> _WORK ORDER_: Given these entries, repeat exactly the lines starting with the one that has "AUDI A3 Sportback" and going on through the one that has "[인천공항=뉴시스] 김선웅 기자", both included, but none of the pictures.

> _GIVEN INFORMATION_:

_ _ _

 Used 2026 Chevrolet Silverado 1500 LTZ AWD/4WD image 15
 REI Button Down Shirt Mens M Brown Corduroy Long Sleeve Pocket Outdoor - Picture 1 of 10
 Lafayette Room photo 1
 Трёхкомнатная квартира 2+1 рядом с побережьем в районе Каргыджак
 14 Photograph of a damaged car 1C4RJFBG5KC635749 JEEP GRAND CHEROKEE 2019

_ _ _

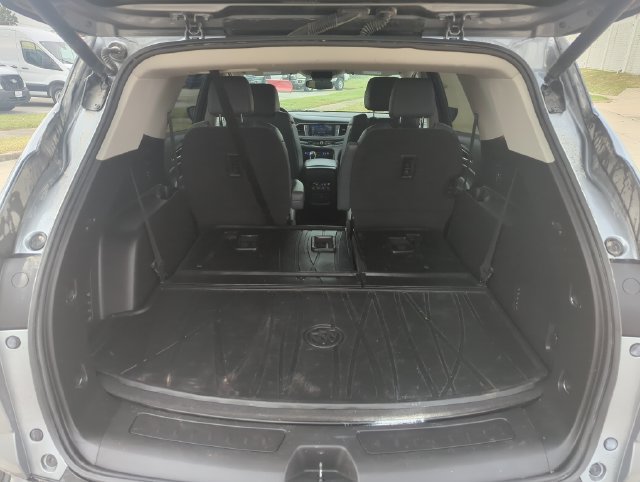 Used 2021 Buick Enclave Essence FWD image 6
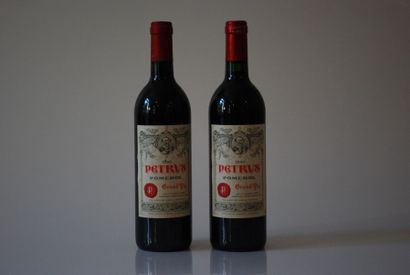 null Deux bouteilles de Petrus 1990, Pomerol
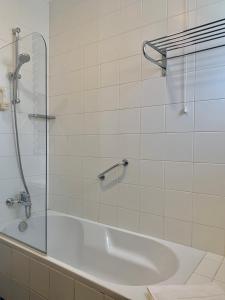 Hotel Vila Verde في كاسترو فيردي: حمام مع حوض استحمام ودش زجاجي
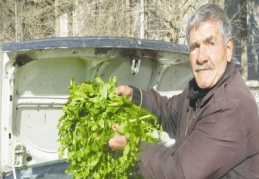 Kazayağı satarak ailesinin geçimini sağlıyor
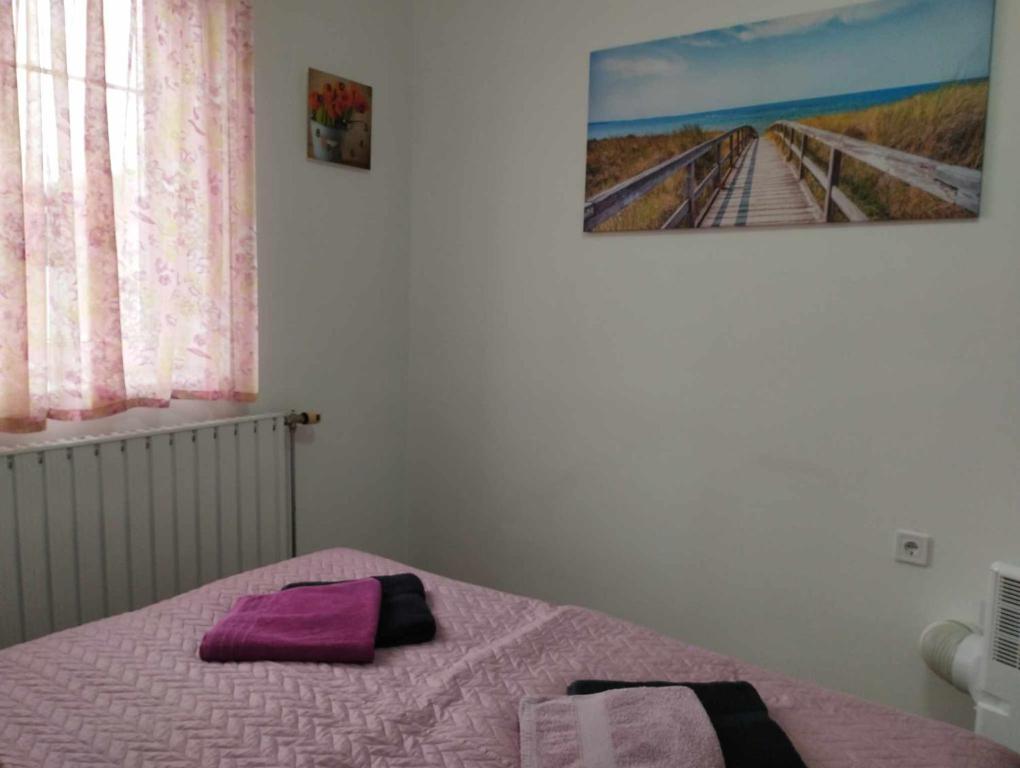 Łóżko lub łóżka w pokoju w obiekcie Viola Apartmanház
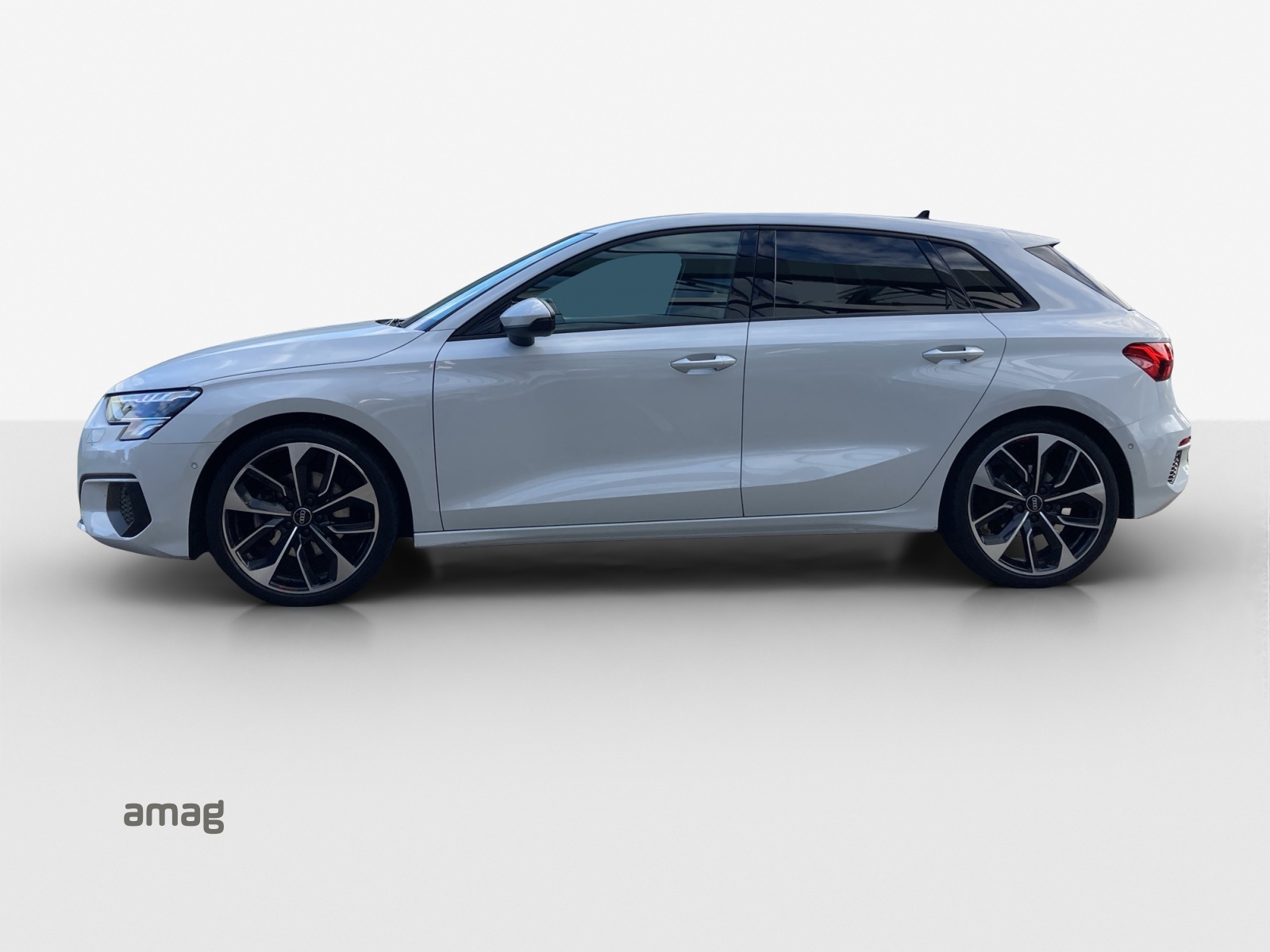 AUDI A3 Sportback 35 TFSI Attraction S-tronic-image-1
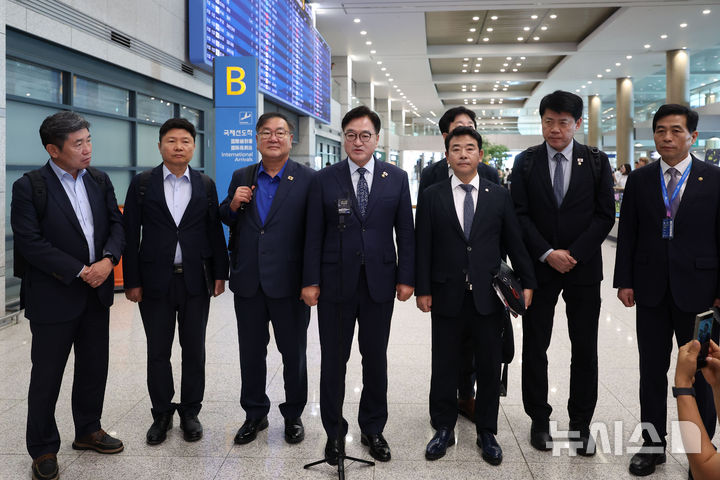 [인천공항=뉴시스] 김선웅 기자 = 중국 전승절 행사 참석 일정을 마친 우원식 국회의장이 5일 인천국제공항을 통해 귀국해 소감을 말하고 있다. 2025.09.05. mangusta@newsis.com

_ _ _

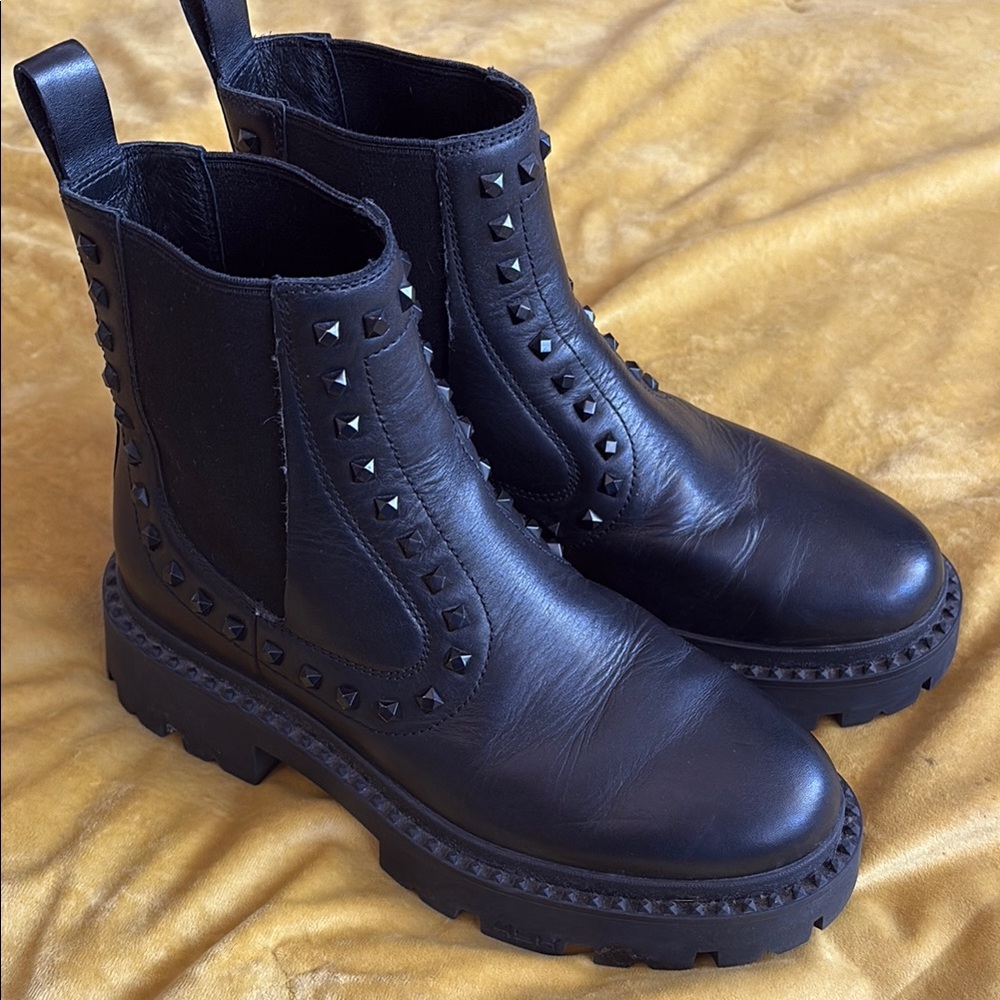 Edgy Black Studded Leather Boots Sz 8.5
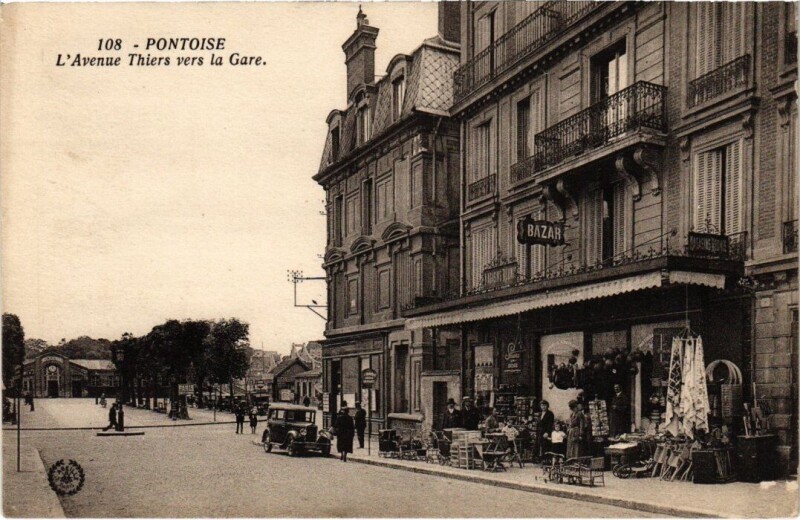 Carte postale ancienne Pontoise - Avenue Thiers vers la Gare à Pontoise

_ _ _

> _WRITTEN SOLUTION_:
 AUDI A3 Sportback 35 TFSI Attraction S-tronic-image-1
 [인천공항=뉴시스] 김선웅 기자 = 중국 전승절 행사 참석 일정을 마친 우원식 국회의장이 5일 인천국제공항을 통해 귀국해 소감을 말하고 있다. 2025.09.05. mangusta@newsis.com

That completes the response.